* Task instructions:
Only the lines from the one containing "JIMMY PAGE!!! |" to the end of the records belong in the answer; repeat them exactly and drop the pictures.

* Provided entries:

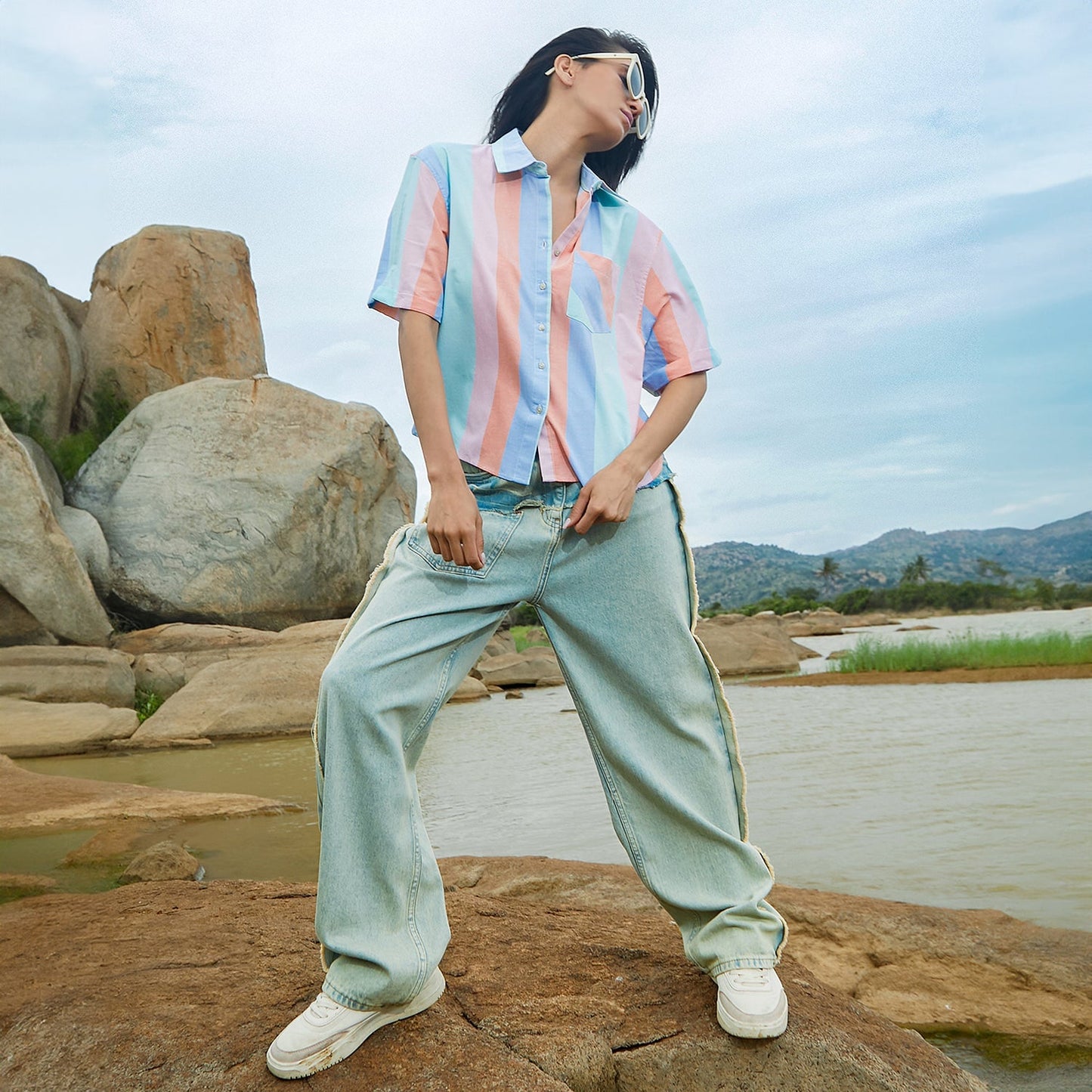 Striped Boxy Shirt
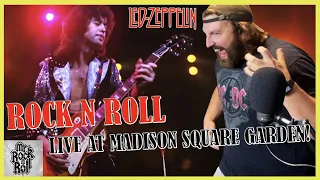 JIMMY PAGE!!! | Rock and Roll Live Video (Madison Square Garden 1973) Original Records | REACTIONS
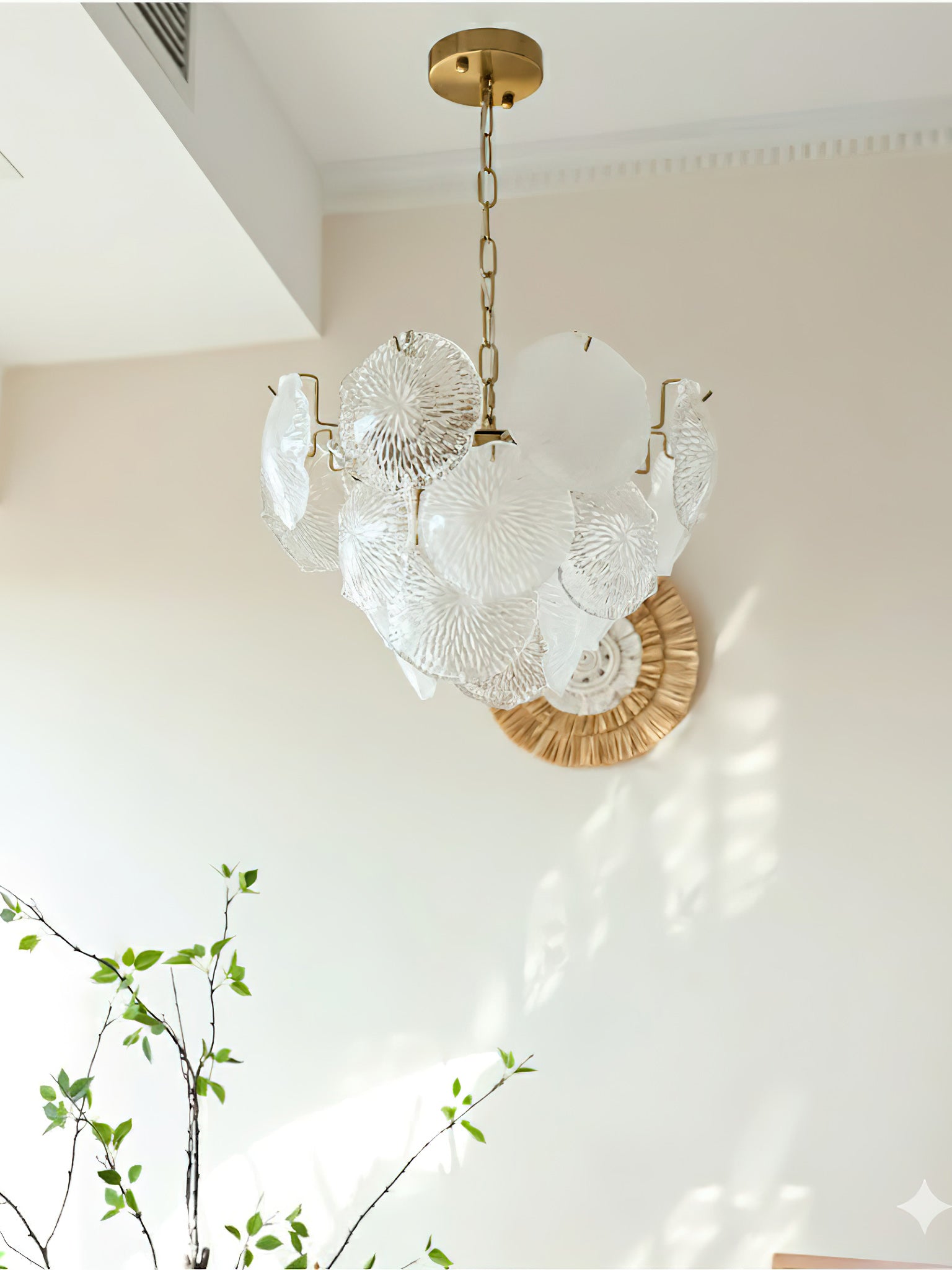 Petal Disc Chandelier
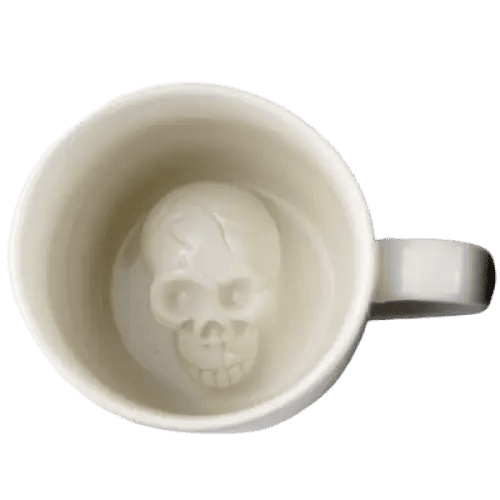 Originální Hrnek Espresso Lebka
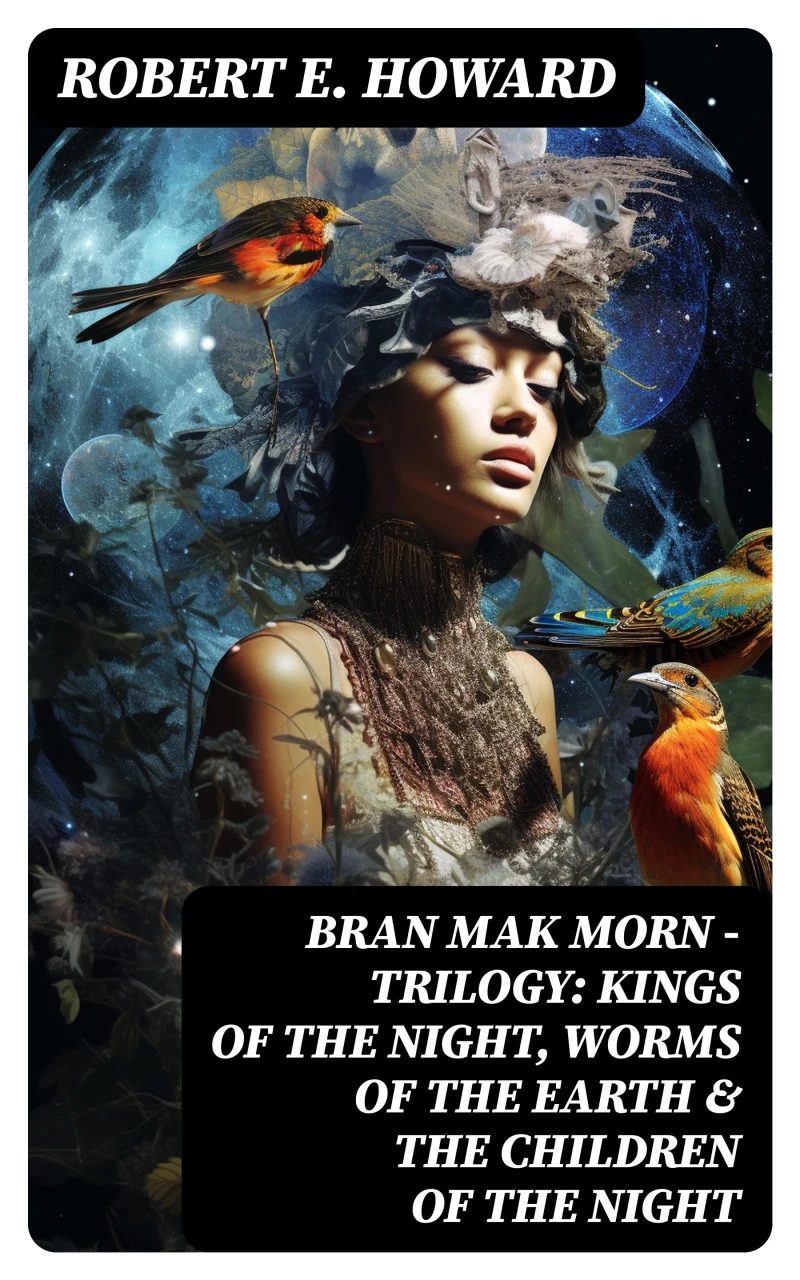 Portada: Bran Mak Morn - Trilogy: Kings Of The Night, Worms Of The Earth & The Children Of The Night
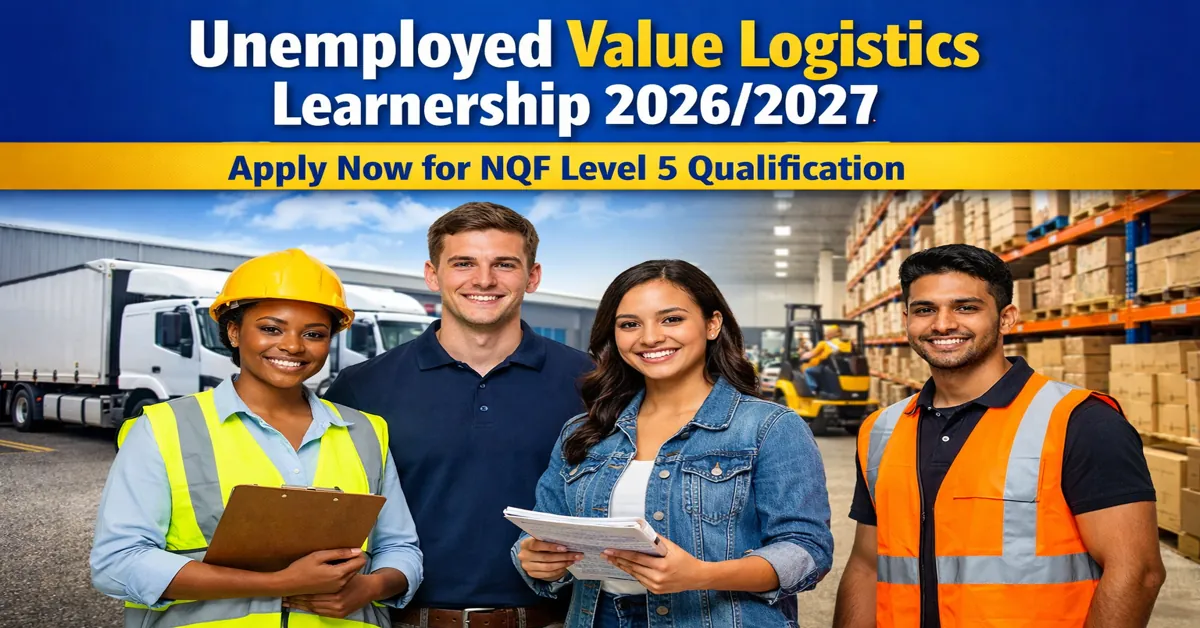 2026/2027 Unemployed Value Logistics Learnership NQF 5 in Gauteng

* Result of this exercise:
 JIMMY PAGE!!! | Rock and Roll Live Video (Madison Square Garden 1973) Original Records | REACTIONS
 Petal Disc Chandelier
 Originální Hrnek Espresso Lebka
 Portada: Bran Mak Morn - Trilogy: Kings Of The Night, Worms Of The Earth & The Children Of The Night
 2026/2027 Unemployed Value Logistics Learnership NQF 5 in Gauteng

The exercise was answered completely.